## TASK INSTRUCTIONS
Could you repeat the whole listing below exactly, omitting any picture it holds?

## STORED DATA
* * * * * * *
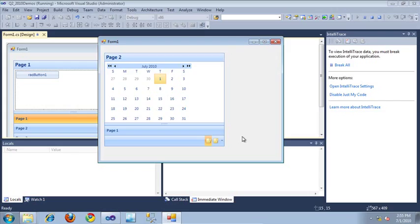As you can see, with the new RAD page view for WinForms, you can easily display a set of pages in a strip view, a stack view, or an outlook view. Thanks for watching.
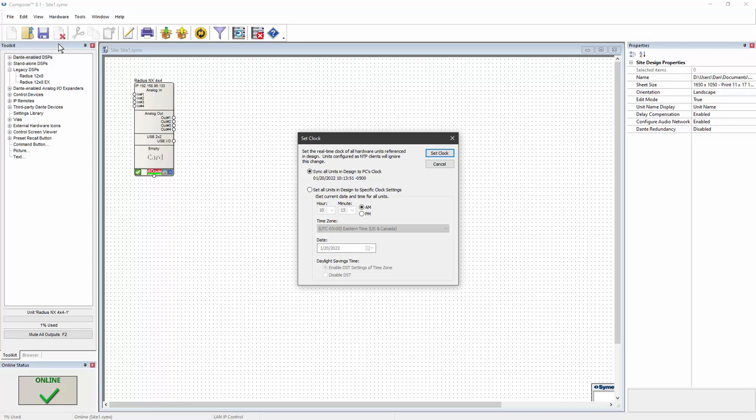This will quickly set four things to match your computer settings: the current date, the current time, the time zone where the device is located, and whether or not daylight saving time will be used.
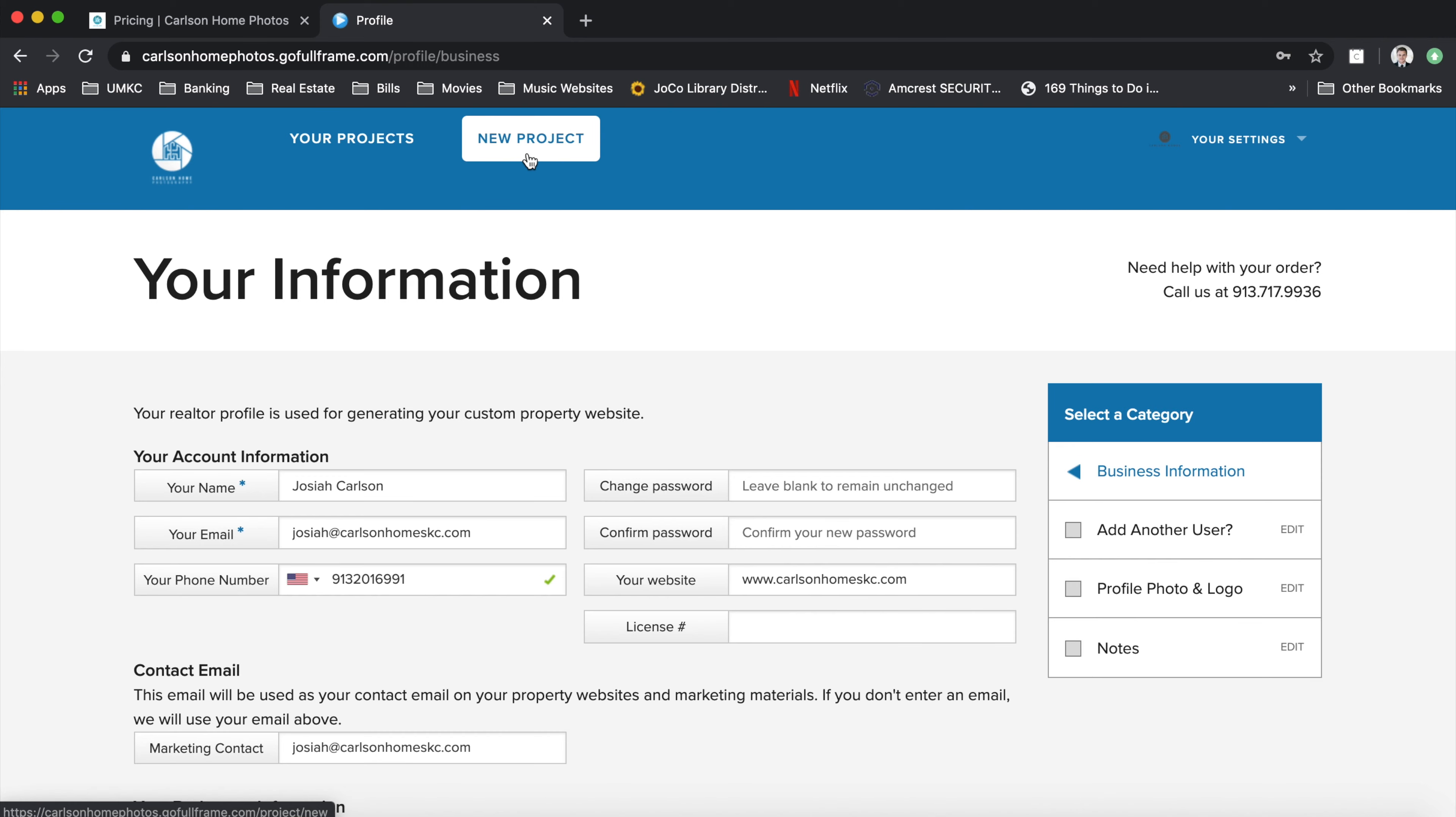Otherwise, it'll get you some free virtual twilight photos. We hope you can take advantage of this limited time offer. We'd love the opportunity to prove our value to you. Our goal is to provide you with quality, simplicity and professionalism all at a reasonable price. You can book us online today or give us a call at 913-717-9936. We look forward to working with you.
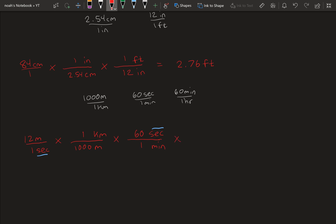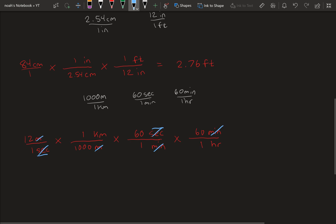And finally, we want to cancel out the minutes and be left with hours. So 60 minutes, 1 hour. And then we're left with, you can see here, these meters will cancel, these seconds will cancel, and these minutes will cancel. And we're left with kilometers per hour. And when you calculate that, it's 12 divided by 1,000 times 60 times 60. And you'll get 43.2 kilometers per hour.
* * * * * * *
## OUTPUT
As you can see, with the new RAD page view for WinForms, you can easily display a set of pages in a strip view, a stack view, or an outlook view. Thanks for watching.
This will quickly set four things to match your computer settings: the current date, the current time, the time zone where the device is located, and whether or not daylight saving time will be used.
Otherwise, it'll get you some free virtual twilight photos. We hope you can take advantage of this limited time offer. We'd love the opportunity to prove our value to you. Our goal is to provide you with quality, simplicity and professionalism all at a reasonable price. You can book us online today or give us a call at 913-717-9936. We look forward to working with you.
And finally, we want to cancel out the minutes and be left with hours. So 60 minutes, 1 hour. And then we're left with, you can see here, these meters will cancel, these seconds will cancel, and these minutes will cancel. And we're left with kilometers per hour. And when you calculate that, it's 12 divided by 1,000 times 60 times 60. And you'll get 43.2 kilometers per hour.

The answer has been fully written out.